As meninas eram ainda pequenas e eu sabia que tudo terminaria bem. Da minha parte, fiz uma grande ressalva na agenda de trabalhos. Senti que aquele intervalo seria importante. Pela primeira vez me daria férias compulsórias para uma longa viagem em família. Apesar dos protestos de familiares e dos amigos, que julgavam como irresponsável a decisão de irmos de veleiro para a Antártica, não parei o planejamento. Depois de quase um ano de preparativos para nossa viagem, partimos. Desde o início, foi uma viagem de conhecimento, emoções e descobertas. Nos unimos como um time. Juntos, com um livro-guia excelente nas mãos, aprendemos muito sobre o continente gelado e sobre animais polares.
Quando estávamos concluindo a viagem, decidi fazer uma fotografia que representasse a conclusão da nossa jornada de férias ao continente branco. A imagem deveria ter outra perspectiva das demais que eu já tinha feito. Seria captada do topo do mastro do nosso veleiro, mostrando o barco cercado de gelo ao seu redor. Decidida, subi o cordame da embarcação, escalando os 36 metros de altura que separam o deck do topo do mastro. Quando eu já estava lá no alto, ouvi, à distância, o Amyr gritar que eu deveria descer porque, afinal de contas, minhas fotografias não serviam para nada.
Aquilo foi um choque pra mim; me aborreci, mas não desci lá do alto. Continuei ali pendurada, em comunhão com a natureza, admirando e fotografando uma paisagem extraordinária. Eram ilhas brancas, cobertas por gelo e neve; placas de gelo flutuantes de diferentes tamanhos e formatos, e a água crespa desenhando o vento que soprava, naquele dia, excepcionalmente silencioso. Olhando todo esse branco, entendi: a provocação que senti pelo comentário de Amyr foi a centelha que faltava para eu encarar um novo desafio: passar a levar a fotografia a sério.

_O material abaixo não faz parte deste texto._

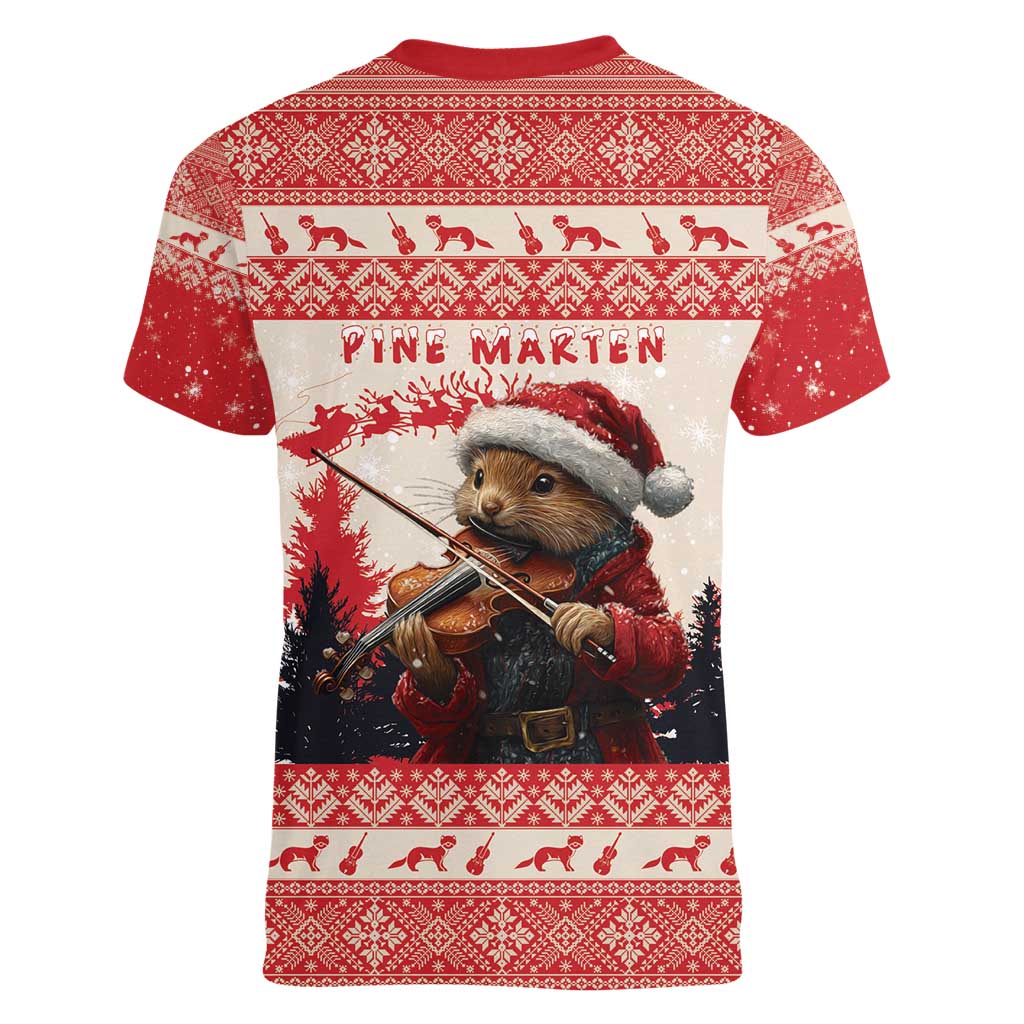 Croatia Christmas Women V-Neck T-Shirt Pine Marten Playing Violin - Red Color - Wonder Print Shop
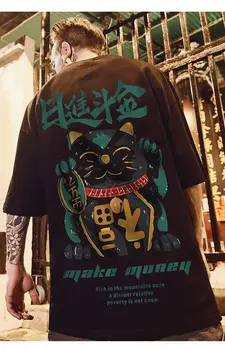 Kitajski stil za moške poletne kratek sleeved majica s kratkimi rokavi moški pet-točka rokav svoboden nekaj teen trend hip-hop punk ulične vrhovi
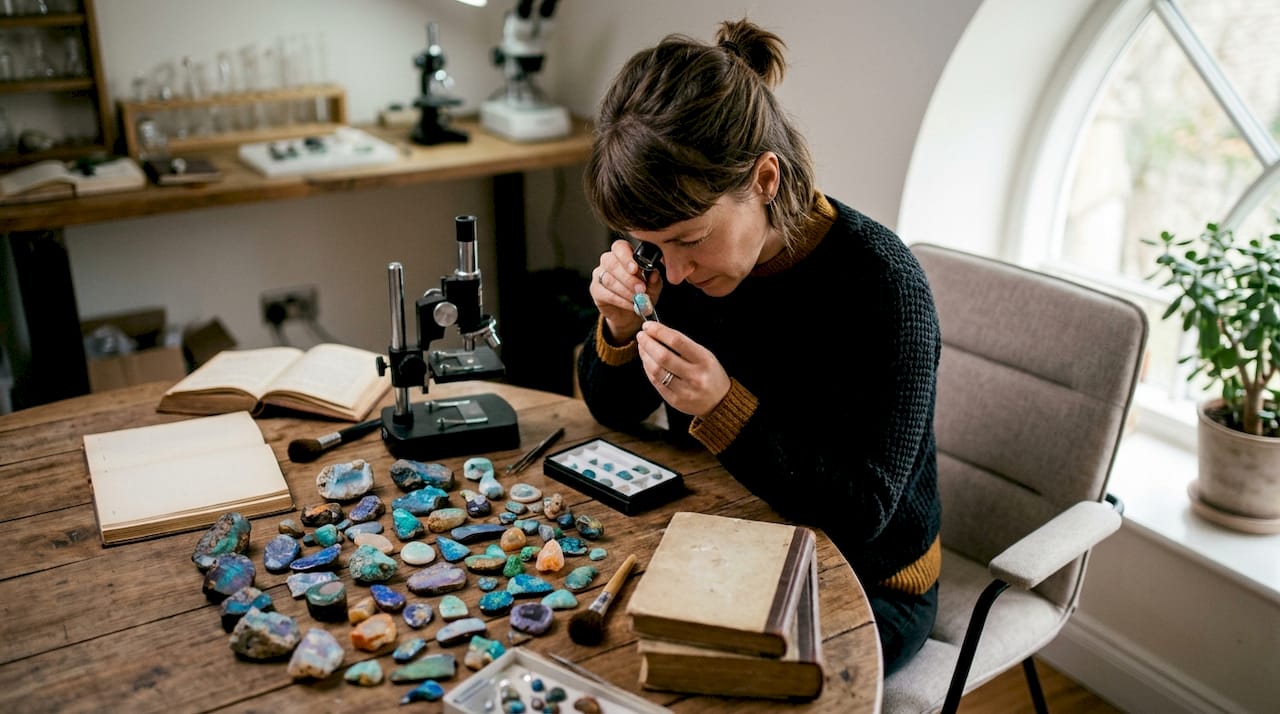 Gemologist inspecting opal stones at table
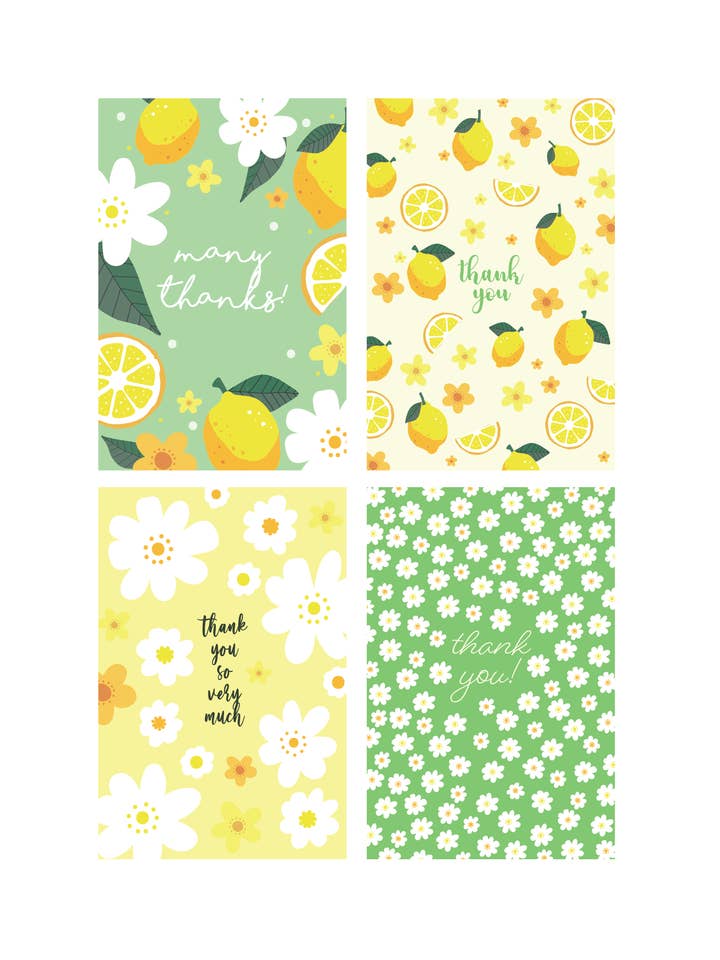 Lot de 4 cartes de remerciement au citron et aux fleurs pour la vente par The Gold Ink Press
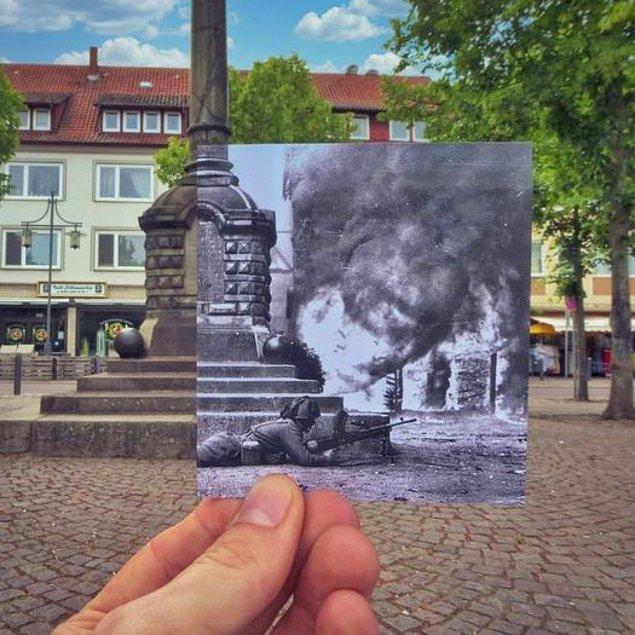 1. Almanya'nın Uelzen kasabasının II. Dünya Savaşı sırasındaki ve şimdiki hali:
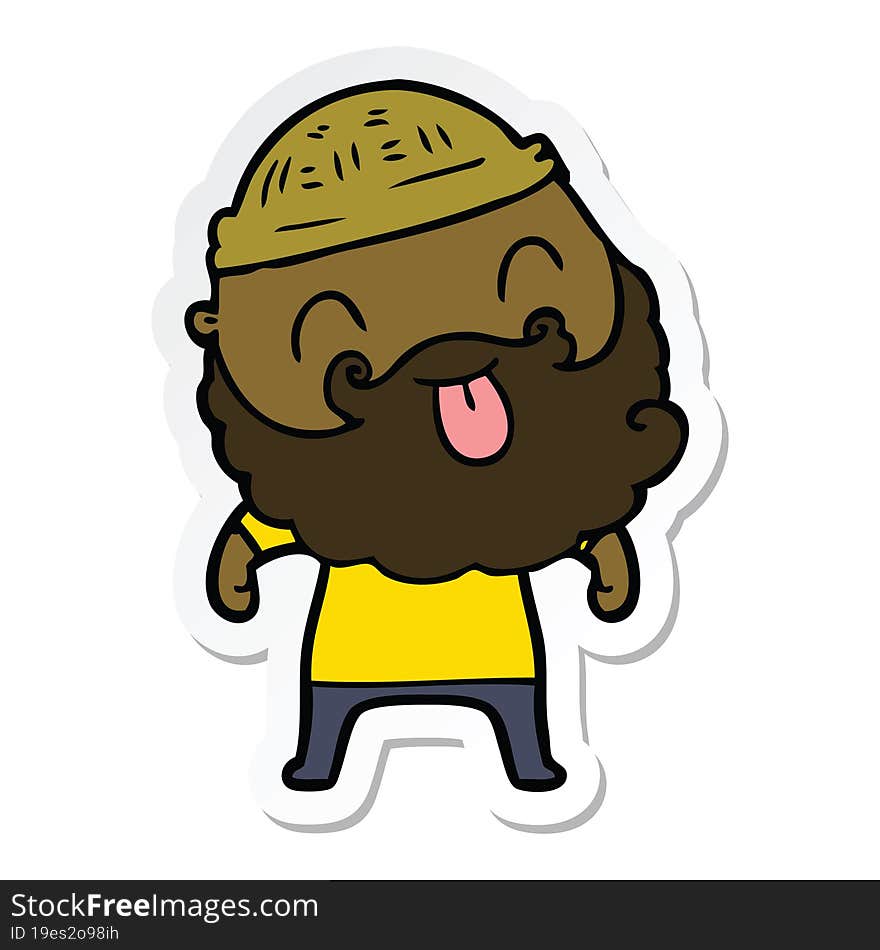 sticker of a man with beard sticking out tongue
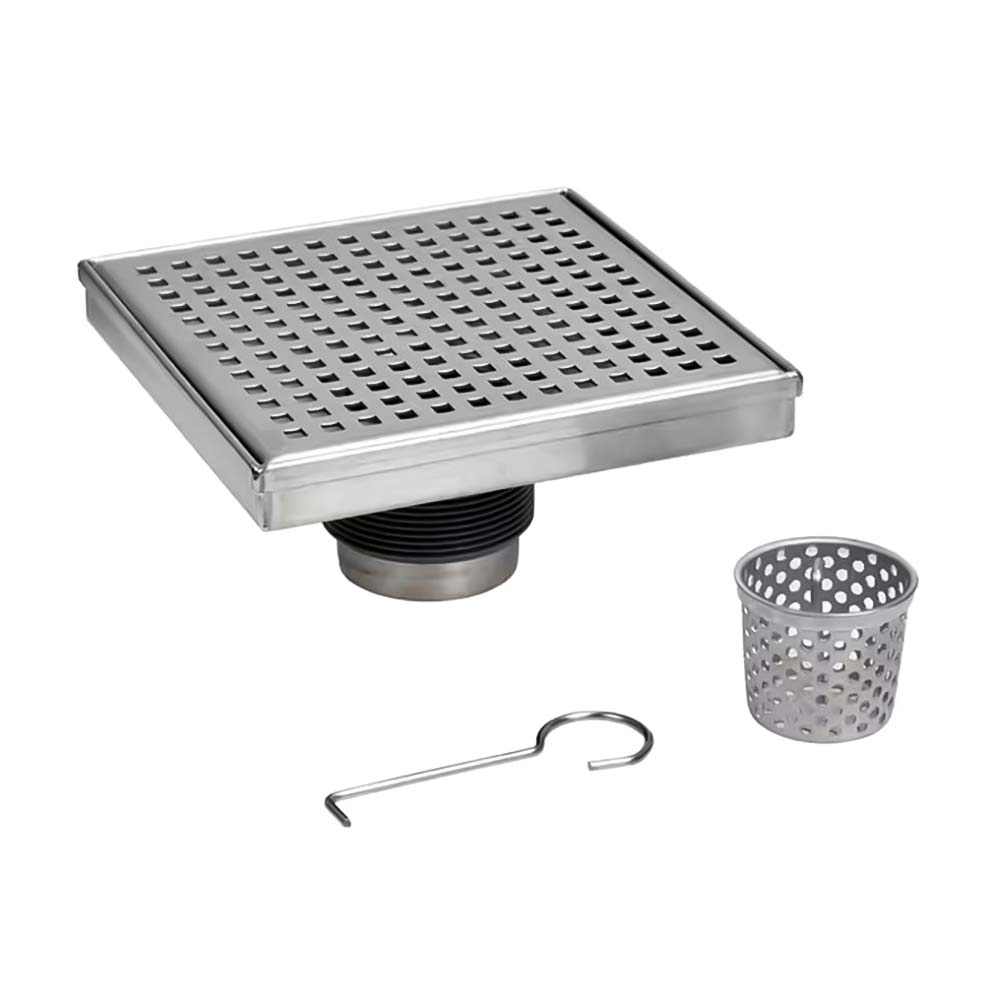 2014-T 4" Square Floor Drain with Grid Drain Cover & Hair Strainer - Chrome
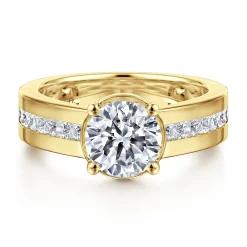 Sale Gabriel & Co. Dennise - 14K Yellow Gold Bezel Prong Wide Band Round Diamond Engagement Ring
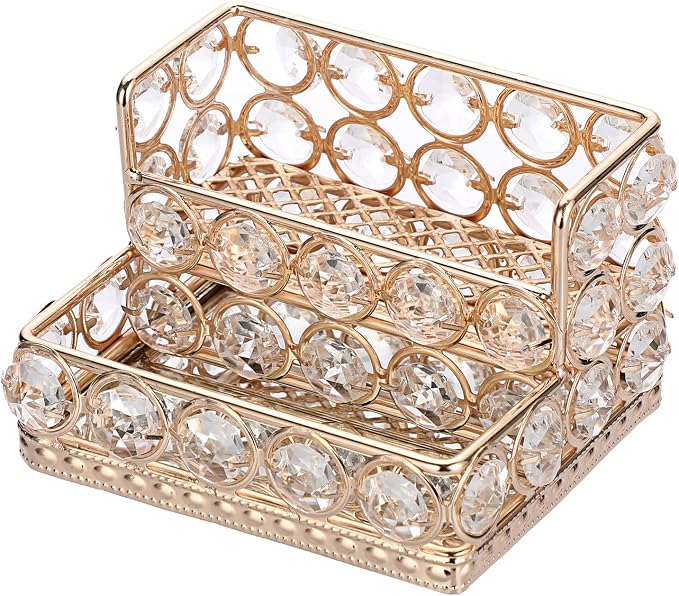 Hipiwe 2 Tiers Crystal Business Card Holder Gold Mirrored Cards Organizer | Business Cards Display Stand Desktop Name Card Storage Holder for Office Countertop
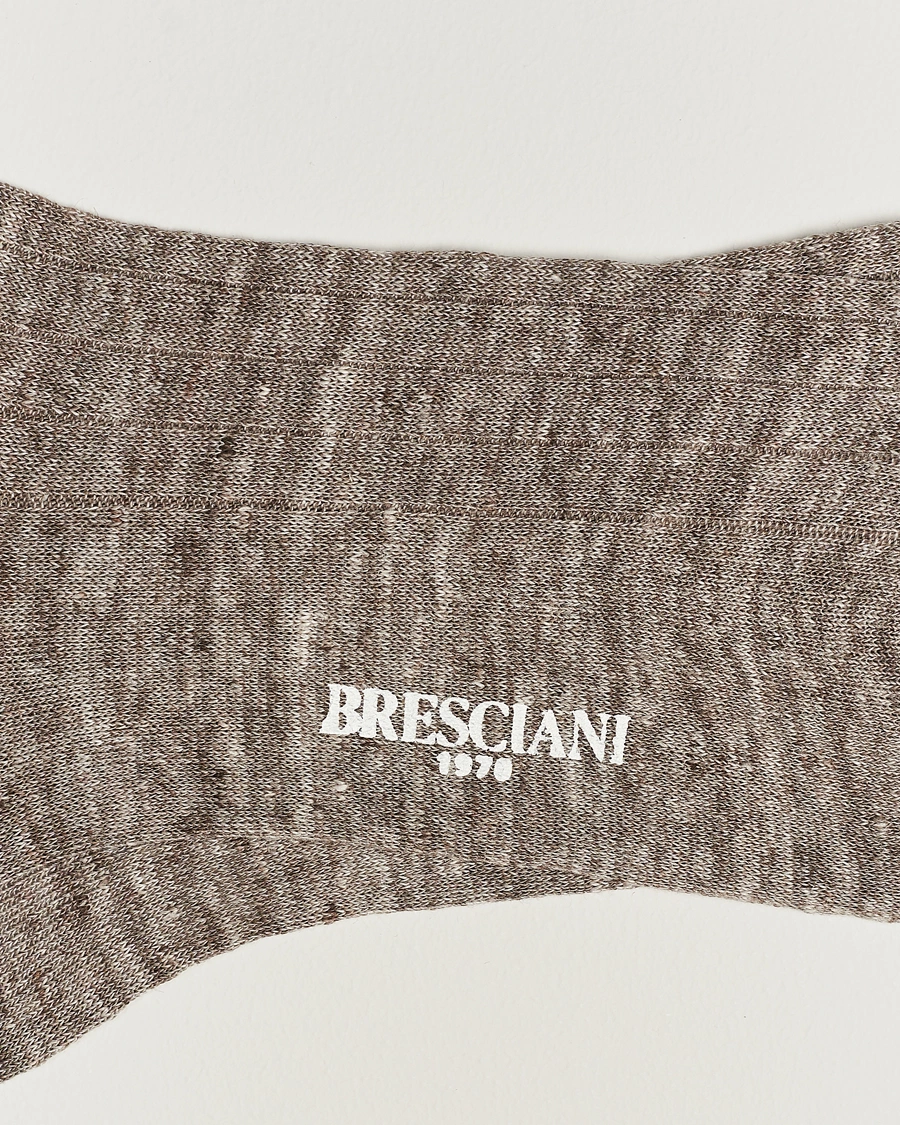 Mies | Alusvaatteet | Bresciani | Linen Ribbed Short Socks Brown Melange
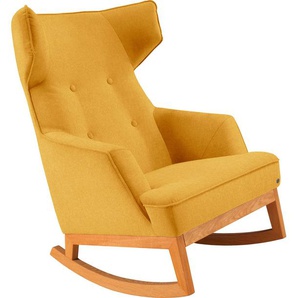 Schaukelstuhl TOM TAILOR COZY Stühle Gr. B/H/T: 80 cm x 115 cm x 88 cm, Struktur fein REC, Massivholz, gelb (sunny yellow rec 25) Schaukelstühle Stühle im Retrolook, mit Kedernaht und Knöpfung, Füße Eiche natur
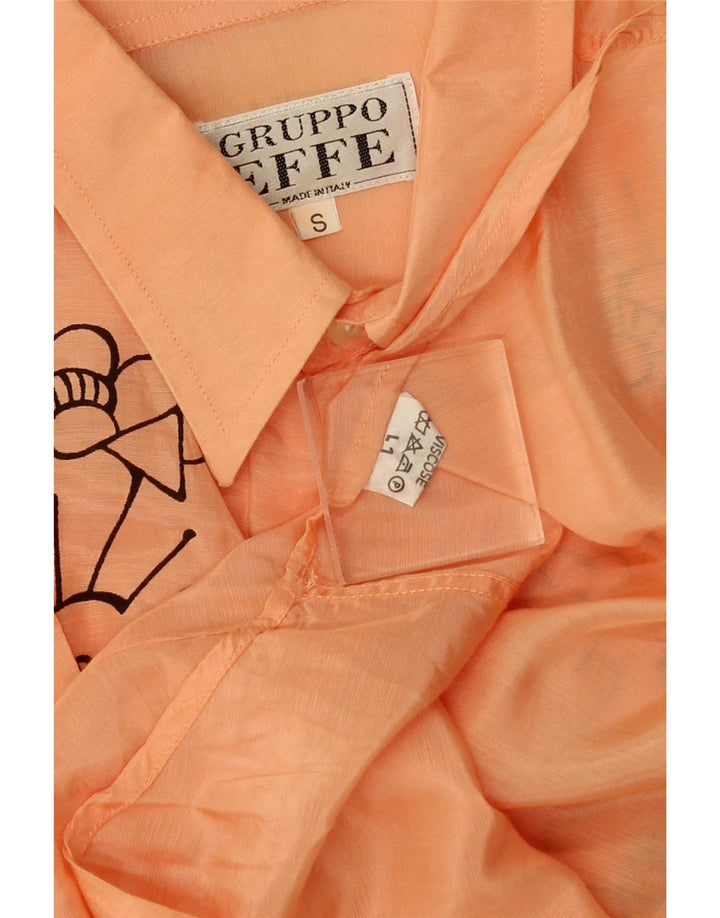 VINTAGE Camisa gráfica de manga corta para hombre Pequeña viscosa naranja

Aquele instante me fez pensar sobre os ciclos da vida. Percebi que, mesmo tendo me tornado uma assessora de eventos de sucesso, aquele era um capítulo que já tinha se encerrado e eu não tinha me dado conta de que apenas seguia em “moto-contínuo”, mantendo uma atividade que já não era mais desafiadora. Foi então que aconteceu um turning-point. Era hora de encerrar aquela etapa e começar a escrever um novo capítulo.
Navegando de volta ao Brasil, observava o mar, buscando possíveis estratégias para agregar valor ao conteúdo armazenado nos meus HDs. Ao voltar para casa, enfrentei a difícil tarefa de fechar minha empresa de eventos. Mas a decisão já estava tomada. A partir dessa reviravolta na minha vida, descobri que, muitas vezes, não nos damos conta de que nos colocamos limites imaginários. Nos acomodamos numa profissão e esquecemos de olhar ao redor para enxergar novas oportunidades que vão passando.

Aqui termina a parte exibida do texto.